• _Your goal_
Skip the pictures. Output only the lines below starting at the line with "12609-1-AP - WT1 / Wilms tumor protein" and ending at the line with "웨딩트리엔골든트리 | 포항팔슬리밍", both ends included, exactly as they are.

• _Supplied material_
============================================================

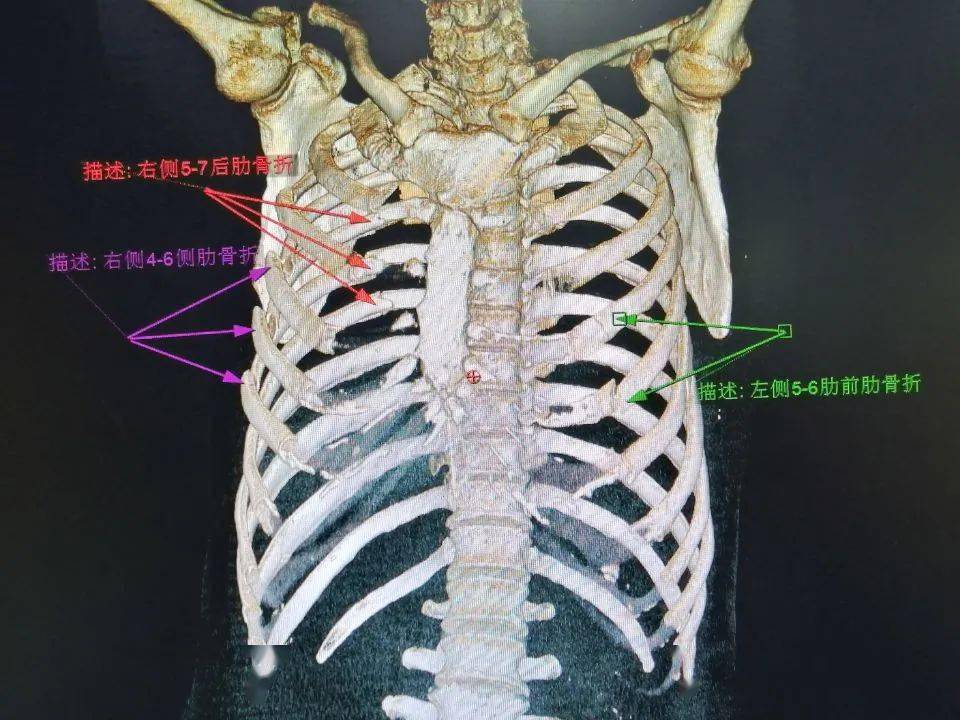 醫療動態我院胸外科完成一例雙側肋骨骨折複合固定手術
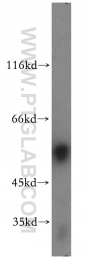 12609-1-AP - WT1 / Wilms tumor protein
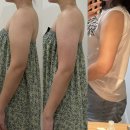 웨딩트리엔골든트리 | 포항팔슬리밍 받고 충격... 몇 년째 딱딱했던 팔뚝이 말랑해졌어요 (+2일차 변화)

============================================================

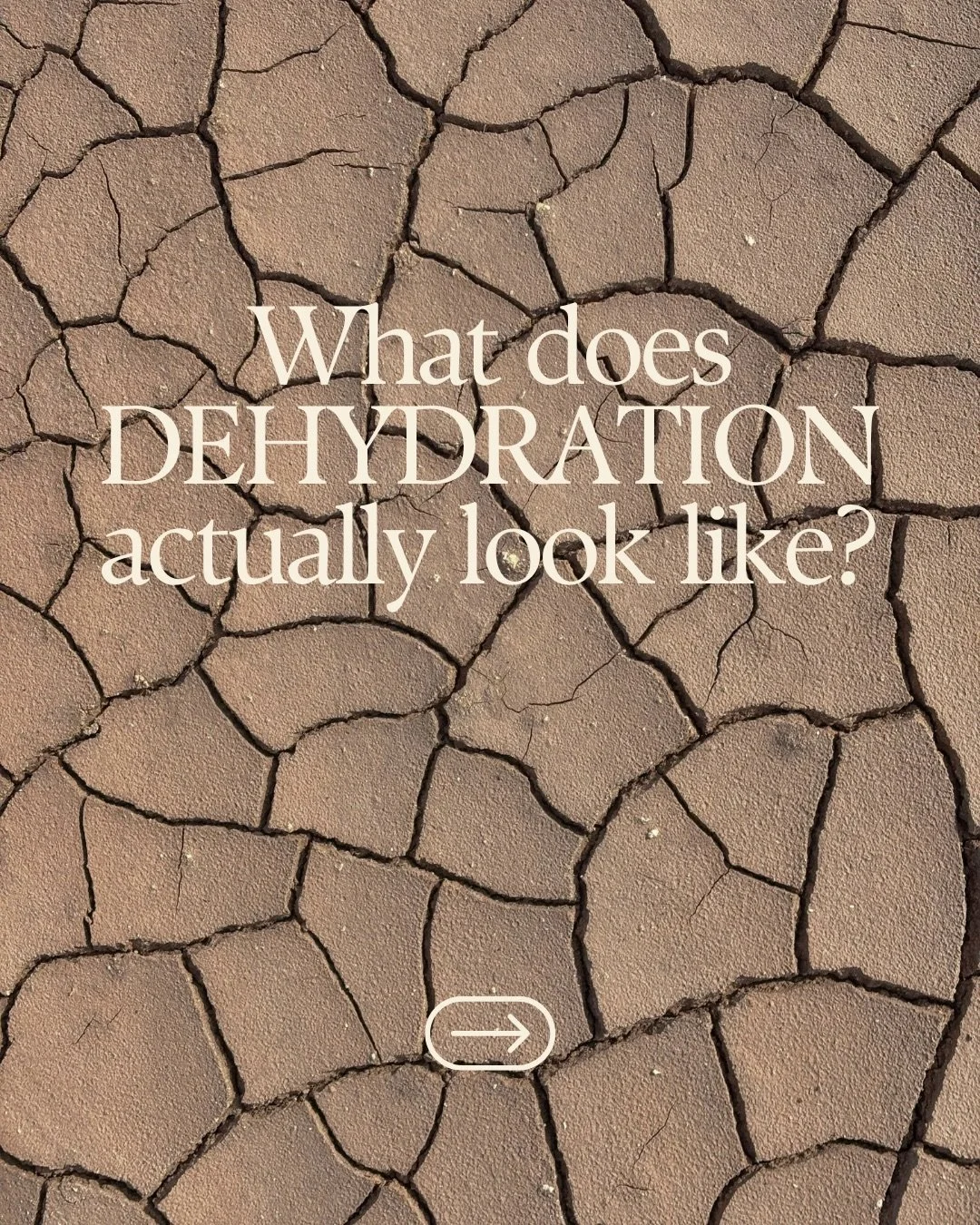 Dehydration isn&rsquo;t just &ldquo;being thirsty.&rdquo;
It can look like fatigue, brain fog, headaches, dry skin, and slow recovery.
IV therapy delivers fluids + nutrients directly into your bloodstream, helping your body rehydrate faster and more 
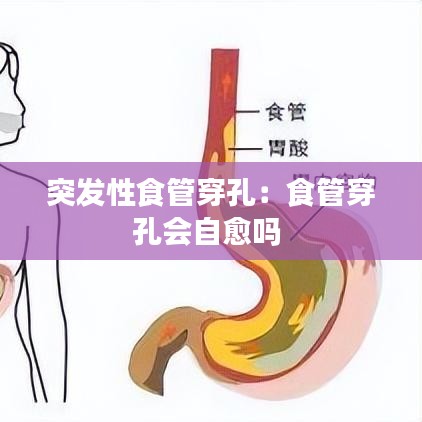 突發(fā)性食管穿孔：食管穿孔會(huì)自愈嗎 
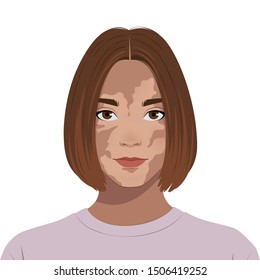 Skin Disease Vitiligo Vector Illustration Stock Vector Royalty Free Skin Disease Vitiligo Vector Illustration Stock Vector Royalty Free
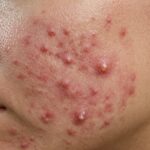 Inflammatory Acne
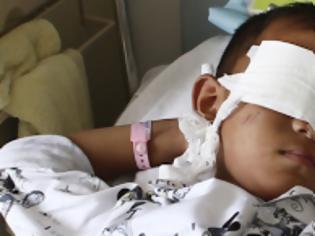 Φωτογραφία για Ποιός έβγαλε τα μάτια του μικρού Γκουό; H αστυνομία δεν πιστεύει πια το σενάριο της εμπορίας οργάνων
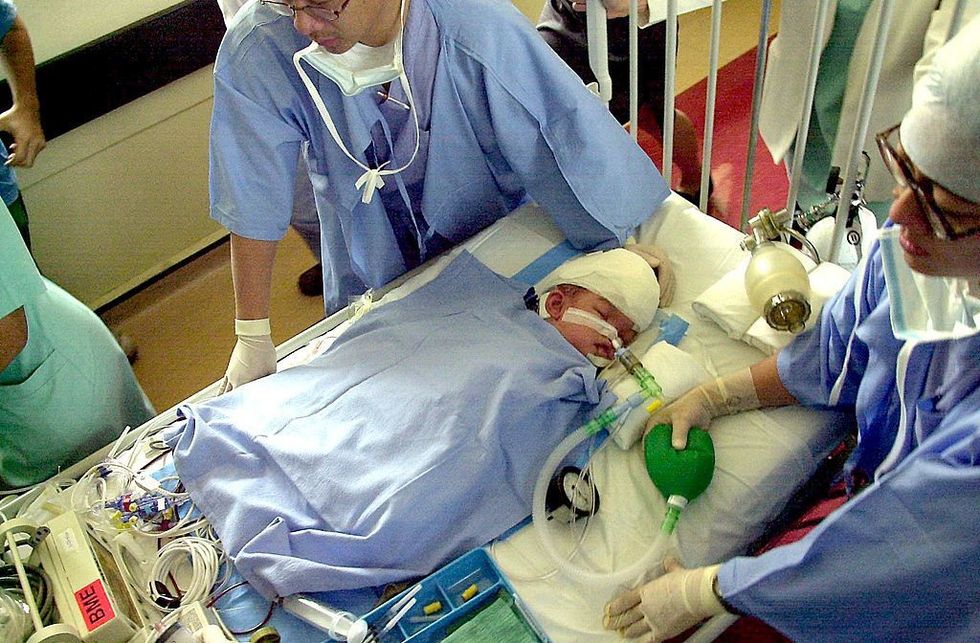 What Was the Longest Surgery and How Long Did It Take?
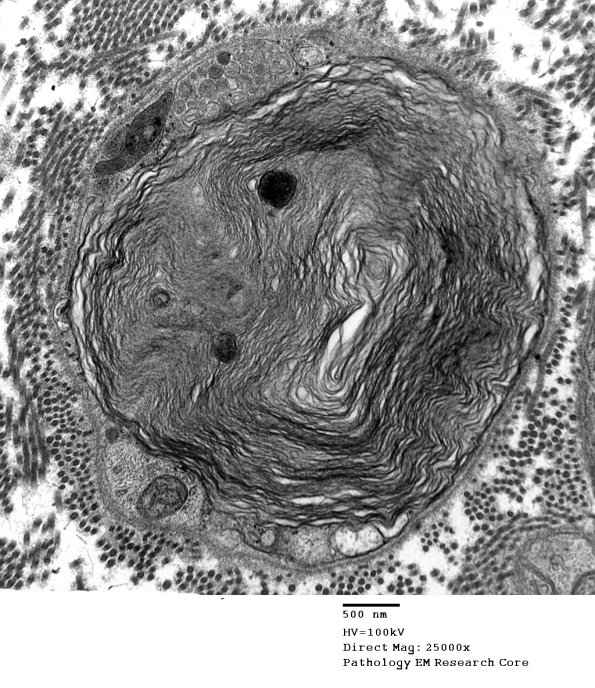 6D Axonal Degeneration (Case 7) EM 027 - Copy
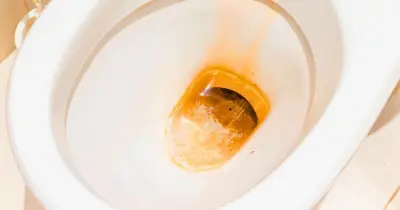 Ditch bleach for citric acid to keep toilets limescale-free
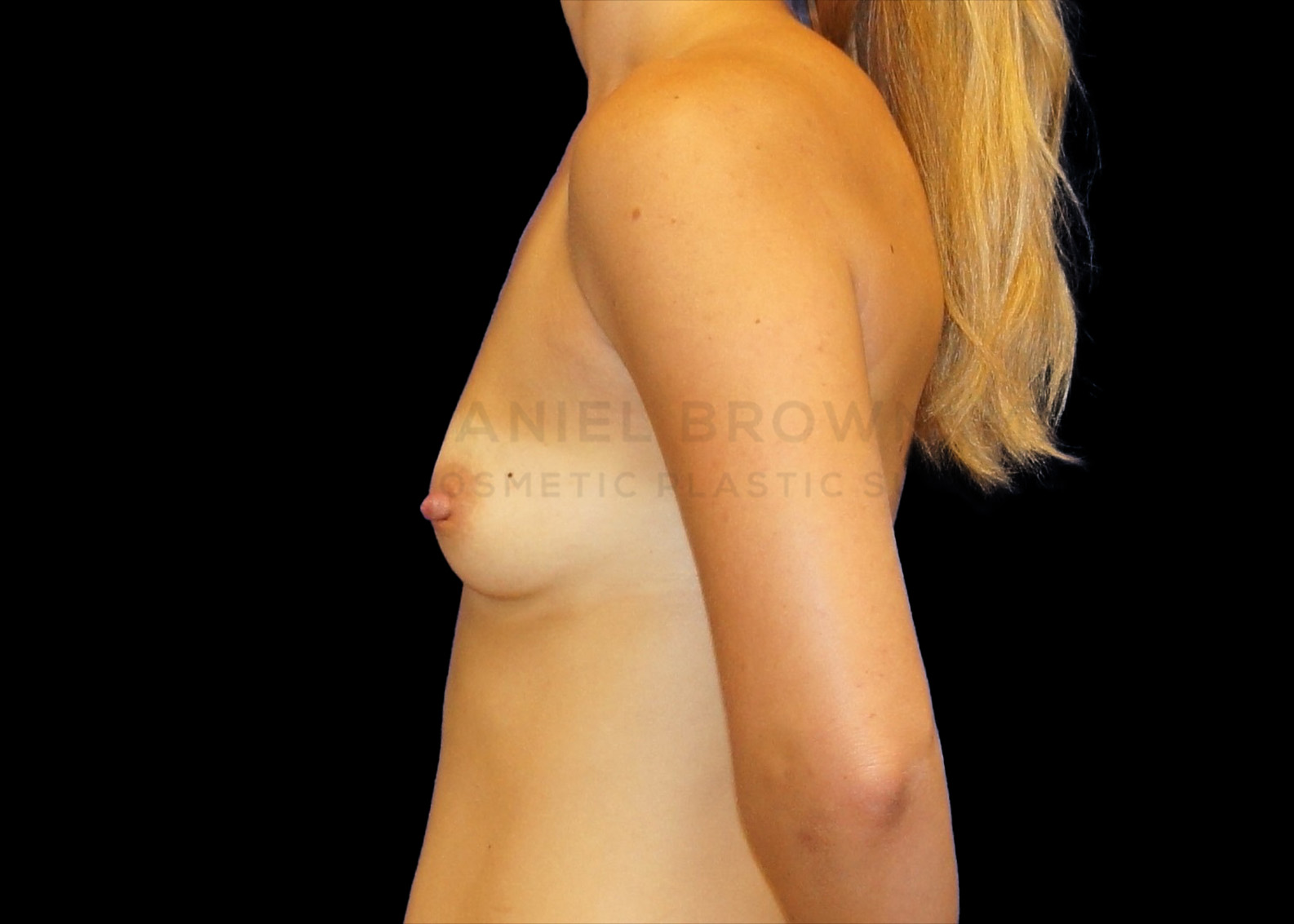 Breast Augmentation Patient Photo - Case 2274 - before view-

============================================================

• _Solution to this problem_
 12609-1-AP - WT1 / Wilms tumor protein
 웨딩트리엔골든트리 | 포항팔슬리밍 받고 충격... 몇 년째 딱딱했던 팔뚝이 말랑해졌어요 (+2일차 변화)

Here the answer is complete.